While you may have heard of alpaca before, are you aware of the rich history of the relationship between the indigenous peoples of the Peruvian Andes and the lovable fluffy animals we’ve come to appreciate? There’s certainly lots of love regarding the story behind this amazing textile.
The indigenous peoples of Peru first domesticated the vicuna (the ancestor of the alpaca) over 5,000 years ago1, relying on their meat and coats to ensure their survival. Initially, the luxurious fibers from the alpaca were reserved for royalty, as the clothing made from them was highly coveted.
This practice continued for centuries, and the animal was popular within the region until the Spanish Conquests of the 1500s, where Spanish colonizers sought to replace the alpacas of the region with animals that produced their preferred textile – wool from the merino sheep.
Despite this, the popularity of the alpaca endured, and to this day Peru produces 4,501 tons of alpaca fiber annually2, some of which we use in our alpaca throw blankets that we offer at Silk & Snow. While the story and heritage behind this amazing textile drew us to it initially, it was the features of alpaca fiber that really won us over. In this article, we’ll be talking about some of those amazing features – as well as some of the ways we promote sustainability in sourcing the alpaca fibers that we use for our Silk & Snow alpaca throws.
In this article, we’ll be answering all your burning questions regarding alpaca, including:
- What is Special About Alpaca Wool?
- Is Alpaca Better than Wool?
- Is Alpaca Wool Itchy?
- Is Alpaca Wool Sustainable?
- What is Baby Alpaca?
- Our Peruvian Alpaca Blankets
- 100% Baby Alpaca
- Made in Peru
- Multiple beautiful styles
What is Special About Alpaca Wool?
Now that you know some of the histories behind alpaca wool, you may be thinking “what makes this fabric so special”? The answer is a lot of things! Alpaca fiber is naturally water and fire-resistant, making it a very safe fabric for use in the home.
Another wonderful feature of alpaca fiber is the number of colours that the material naturally grows in. Unlike other animal-based materials which require extensive dyeing, alpaca fiber grows in 22 different neutral shades, allowing for a variety of beautiful natural shades. The alpaca throws we offer at Silk & Snow contain zero synthetic dyes, as we utilize the full range of natural colours available to us from the beautiful fur of the Peruvian alpacas.
There are plenty of other benefits to alpaca fibers, which we will discuss in comparison to the more commonplace textile: sheep’s wool.
Is Alpaca Better Than Wool?
Since both textiles are derived from the coats of fluffy animals, naturally many are curious as to how the two textiles compare to one another.

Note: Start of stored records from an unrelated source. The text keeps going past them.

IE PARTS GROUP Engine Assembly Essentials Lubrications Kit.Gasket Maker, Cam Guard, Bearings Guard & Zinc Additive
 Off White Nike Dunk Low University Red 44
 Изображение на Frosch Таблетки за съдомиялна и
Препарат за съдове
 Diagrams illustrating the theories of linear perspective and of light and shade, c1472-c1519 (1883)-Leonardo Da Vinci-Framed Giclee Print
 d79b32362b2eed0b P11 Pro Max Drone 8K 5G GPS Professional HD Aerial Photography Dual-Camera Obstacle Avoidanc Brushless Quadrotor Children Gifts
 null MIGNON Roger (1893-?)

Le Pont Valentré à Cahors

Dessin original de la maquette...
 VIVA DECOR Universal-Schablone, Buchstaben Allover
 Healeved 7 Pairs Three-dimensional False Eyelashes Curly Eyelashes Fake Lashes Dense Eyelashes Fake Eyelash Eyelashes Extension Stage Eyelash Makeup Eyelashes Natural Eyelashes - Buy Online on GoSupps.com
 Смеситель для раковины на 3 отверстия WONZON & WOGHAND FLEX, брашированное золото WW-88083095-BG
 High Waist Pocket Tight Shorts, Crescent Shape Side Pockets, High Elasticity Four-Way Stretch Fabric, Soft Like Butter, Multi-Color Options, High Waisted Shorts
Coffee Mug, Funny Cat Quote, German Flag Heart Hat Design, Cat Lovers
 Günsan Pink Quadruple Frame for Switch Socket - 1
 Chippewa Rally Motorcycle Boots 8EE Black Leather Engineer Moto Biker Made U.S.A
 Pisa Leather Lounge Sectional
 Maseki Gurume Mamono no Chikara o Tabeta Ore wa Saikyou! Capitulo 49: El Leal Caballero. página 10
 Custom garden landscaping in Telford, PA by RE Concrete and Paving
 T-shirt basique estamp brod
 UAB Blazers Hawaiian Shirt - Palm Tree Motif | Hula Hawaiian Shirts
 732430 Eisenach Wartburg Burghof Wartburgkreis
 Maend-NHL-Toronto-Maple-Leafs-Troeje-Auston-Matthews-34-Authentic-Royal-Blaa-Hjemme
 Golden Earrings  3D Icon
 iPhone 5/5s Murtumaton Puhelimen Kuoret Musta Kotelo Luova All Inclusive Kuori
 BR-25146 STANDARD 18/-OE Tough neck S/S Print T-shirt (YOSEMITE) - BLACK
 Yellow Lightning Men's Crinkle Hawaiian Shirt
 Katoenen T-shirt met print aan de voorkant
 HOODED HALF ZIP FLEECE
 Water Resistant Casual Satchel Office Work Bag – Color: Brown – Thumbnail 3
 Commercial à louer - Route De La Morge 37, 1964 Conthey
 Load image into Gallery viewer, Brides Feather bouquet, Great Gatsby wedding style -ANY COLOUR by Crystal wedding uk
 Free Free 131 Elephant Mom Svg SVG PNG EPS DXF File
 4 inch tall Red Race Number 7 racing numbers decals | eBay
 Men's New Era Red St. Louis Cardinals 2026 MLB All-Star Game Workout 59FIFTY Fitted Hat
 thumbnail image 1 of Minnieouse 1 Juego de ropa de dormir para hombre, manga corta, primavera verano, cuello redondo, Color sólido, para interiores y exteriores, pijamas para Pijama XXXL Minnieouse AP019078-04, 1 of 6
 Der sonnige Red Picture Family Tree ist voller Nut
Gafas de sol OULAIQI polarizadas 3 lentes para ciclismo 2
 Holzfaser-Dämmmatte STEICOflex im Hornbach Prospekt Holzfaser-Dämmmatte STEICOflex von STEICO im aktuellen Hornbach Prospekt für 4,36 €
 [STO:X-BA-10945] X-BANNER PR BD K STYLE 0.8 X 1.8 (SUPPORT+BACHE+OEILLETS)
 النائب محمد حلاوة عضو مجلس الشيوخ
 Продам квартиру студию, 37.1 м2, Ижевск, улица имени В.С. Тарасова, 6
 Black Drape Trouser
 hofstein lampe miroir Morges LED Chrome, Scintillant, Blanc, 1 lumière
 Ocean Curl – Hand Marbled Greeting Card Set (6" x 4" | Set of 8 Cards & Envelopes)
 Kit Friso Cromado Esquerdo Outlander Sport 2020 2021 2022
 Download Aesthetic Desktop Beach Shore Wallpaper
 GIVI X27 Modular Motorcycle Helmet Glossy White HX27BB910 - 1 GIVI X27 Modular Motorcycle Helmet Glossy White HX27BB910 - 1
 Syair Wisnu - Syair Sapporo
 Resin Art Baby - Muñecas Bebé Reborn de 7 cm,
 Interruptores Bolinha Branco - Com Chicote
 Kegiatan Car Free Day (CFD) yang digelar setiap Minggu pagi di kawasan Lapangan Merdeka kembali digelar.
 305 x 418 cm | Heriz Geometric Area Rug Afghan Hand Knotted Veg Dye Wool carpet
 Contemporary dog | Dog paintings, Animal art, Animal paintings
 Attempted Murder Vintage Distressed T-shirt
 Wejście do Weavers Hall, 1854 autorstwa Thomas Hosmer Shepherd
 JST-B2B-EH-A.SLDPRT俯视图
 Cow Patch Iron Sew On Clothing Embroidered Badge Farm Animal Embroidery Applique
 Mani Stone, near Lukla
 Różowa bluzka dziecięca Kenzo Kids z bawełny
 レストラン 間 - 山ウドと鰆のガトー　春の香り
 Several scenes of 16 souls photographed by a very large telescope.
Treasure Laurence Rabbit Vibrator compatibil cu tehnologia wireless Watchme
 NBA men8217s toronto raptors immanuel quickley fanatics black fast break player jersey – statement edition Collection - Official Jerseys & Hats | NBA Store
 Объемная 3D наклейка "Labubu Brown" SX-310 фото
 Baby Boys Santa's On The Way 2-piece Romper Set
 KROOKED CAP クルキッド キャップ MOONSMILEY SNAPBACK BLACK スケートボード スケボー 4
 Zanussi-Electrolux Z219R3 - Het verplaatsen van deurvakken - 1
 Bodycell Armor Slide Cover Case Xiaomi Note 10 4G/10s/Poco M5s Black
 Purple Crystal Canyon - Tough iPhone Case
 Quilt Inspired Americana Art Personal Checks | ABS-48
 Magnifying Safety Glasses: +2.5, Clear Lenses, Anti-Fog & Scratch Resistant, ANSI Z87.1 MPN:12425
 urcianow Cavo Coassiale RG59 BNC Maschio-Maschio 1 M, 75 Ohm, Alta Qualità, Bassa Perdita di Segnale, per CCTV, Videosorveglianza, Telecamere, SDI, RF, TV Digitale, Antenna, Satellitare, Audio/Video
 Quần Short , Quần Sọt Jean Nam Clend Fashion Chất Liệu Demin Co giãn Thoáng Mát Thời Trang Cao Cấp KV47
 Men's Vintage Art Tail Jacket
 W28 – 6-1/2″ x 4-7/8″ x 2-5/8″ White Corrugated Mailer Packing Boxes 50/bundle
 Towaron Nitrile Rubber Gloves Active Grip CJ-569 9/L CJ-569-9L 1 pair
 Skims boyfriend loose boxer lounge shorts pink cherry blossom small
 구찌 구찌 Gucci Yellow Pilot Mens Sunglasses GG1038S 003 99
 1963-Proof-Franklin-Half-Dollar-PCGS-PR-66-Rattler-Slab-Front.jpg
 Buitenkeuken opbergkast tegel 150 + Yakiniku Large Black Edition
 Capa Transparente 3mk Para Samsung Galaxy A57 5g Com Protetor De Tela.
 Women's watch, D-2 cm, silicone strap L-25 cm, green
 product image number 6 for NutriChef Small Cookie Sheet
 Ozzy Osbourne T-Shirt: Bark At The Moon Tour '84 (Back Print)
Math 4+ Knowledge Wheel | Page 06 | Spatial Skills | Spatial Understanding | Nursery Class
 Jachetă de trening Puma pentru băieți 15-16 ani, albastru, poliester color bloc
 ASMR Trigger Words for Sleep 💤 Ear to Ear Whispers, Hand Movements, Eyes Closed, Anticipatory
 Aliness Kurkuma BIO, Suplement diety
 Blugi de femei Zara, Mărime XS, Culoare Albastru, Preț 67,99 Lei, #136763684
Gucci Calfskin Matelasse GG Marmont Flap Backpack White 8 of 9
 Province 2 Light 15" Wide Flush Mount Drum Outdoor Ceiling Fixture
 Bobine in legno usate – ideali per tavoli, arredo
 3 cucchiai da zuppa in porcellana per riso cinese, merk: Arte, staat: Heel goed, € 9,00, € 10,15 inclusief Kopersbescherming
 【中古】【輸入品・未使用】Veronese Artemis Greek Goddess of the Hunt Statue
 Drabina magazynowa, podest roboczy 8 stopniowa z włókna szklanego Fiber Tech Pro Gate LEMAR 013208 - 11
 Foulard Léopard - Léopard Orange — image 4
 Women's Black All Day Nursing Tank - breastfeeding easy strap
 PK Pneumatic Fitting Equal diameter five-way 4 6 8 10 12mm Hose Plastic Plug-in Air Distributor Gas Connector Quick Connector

While the Spanish conquistadors famously preferred their merino sheep to the alpacas native to Peru, presently alpaca fiber compares much more favourably to sheep’s wool than it did centuries ago. Firstly, let’s talk about softness. The softness of alpaca fiber is one of the most appealing qualities of the textile, especially when compared to the oftentimes scratchy nature of wool (the “scratchiness” of wool comes from the barbs of the wool, which appear like microscopic fishhooks).
When it comes to the warmth of the materials, alpaca fiber has been proven to be warmer than sheep’s wool, and that is due to the internal structure of each material. The fibers of an alpaca’s coat are completely hollow, allowing warm air to be trapped inside of them. Conversely, sheep’s wool is only partially hollow inside, which means it does not possess the same level of warmth retention as alpaca. This means we can produce lightweight alpaca blankets that maintain the warmth you need to stay comfortable. In fact, our alpaca wool blankets are warmer than sheep’s wool, and possess only ⅓ of the weight.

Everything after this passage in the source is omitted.